= Pitch-based carbon fiber =

Carbon fiber is often time produced using two main methods: through the use of Polyacrylonitrile (PAN) and from mesophase pitch.

The mesophase pitch forms a thermotropic crystal, which allows the pitch to become organized and form linear chains without the use of tension. Mesophase pitch is made by polymerizing isotropic pitch to a higher molecular weight. The melting point for the mesophase pitch is roughly 300 °C. An advantage in the production of Pitch carbon fibers over PAN carbon fibers is that Pitch carbon fibers do not require constant tension on the fibers at all processing stages. Pitch based carbon fibers have been found to be more sheet-like in their crystal structure, as opposed to PAN based carbon fibers, which are more granular.

There are four main steps in the production of carbon fiber from pitch 1) melt spinning 2) oxidization/precarbonization 3) carbonization and 4) graphitization.

1) Melt spinning is the method of forming fibers through the rapid cooling of a melt; due to the fast rates of cooling, the mesophase pitch is able to become highly oriented. Mesophase pitch can be melt spun, but because of its flow characteristics the process can be difficult. The viscosity of mesophase pitch is more sensitive to temperature than other melt-spun materials. Therefore, during the creation of pitch based fibers the temperature and heat transfer rate must be carefully controlled.

2) Oxidization/Precarbonization is used in order to cross-link the fibers to the point where they cannot be melted or fused together. This step is extremely important because it produces fibers that are stable at the high temperatures of carbonization and graphitization; otherwise, the fibers would fail in those steps of the process. It has been reported that the cross-linking is mainly ether formed from C=O or COH.

3) Carbonization is the process removing all non organic elements. In the case of carbon fibers, all elements except for carbon are removed. This is achieved by heating the fibers to high temperatures in an environment without oxygen. This step removes all impurities from the fibers and leaves crystalline carbon structures. These structures are mostly hexagonal in shape and are composed of entirely carbon.

4) Graphitization is the process of treating the fibers at high temperatures in order to improve the alignment and orientation of the crystalline regions along the fiber direction [1,8]. Having the crystalline regions aligned, stacked, and oriented along the fiber direction increases the overall strength of the carbon fiber.

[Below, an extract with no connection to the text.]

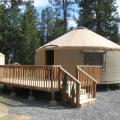 Thousand Trails rental in Bend, Oregon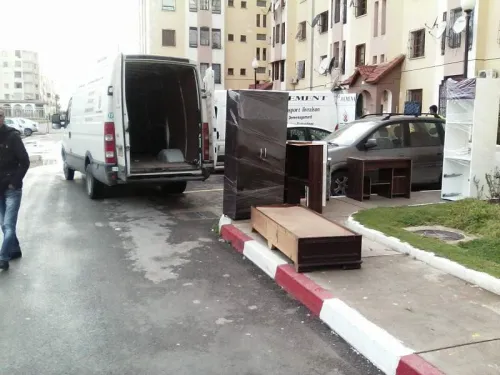 DÉMÉNAGEMENT TRANSPORT/نقل والترحيل*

The high strength of carbon fiber can be attributed to these four main processes. Having high levels of crystalline regions allows the fibers to withstand high levels of stress. These crystalline regions are formed via the melt spinning process; the crystals are stiff areas that do not deform when an external stress is applied. Orienting and aligning these crystalline regions gives further strength to the fibers, specifically if the orientation is along the fiber axis. Carbonization and graphitization are the two processes responsible for this alignment of the crystalline regions. Pitch based carbon fiber is lower in strength than fiberglass; however, it has a very high elastic modulus.

Pitch-based carbon fibers have various end uses due to their high modulus and relatively high strength. These fibers are used within the aerospace industry due to their high modulus, high thermal conductivity, and high electrical conductivity. However, the low production volume of pitch-based carbon fibers, the raw material cost, and the difficulty of production mean that the price is high compared to PAN-based carbon fibers. Pitch-based carbon fibers could be used within the automotive and sports industries, but the higher strength and lower cost of PAN-based carbon fibers makes them more advantageous.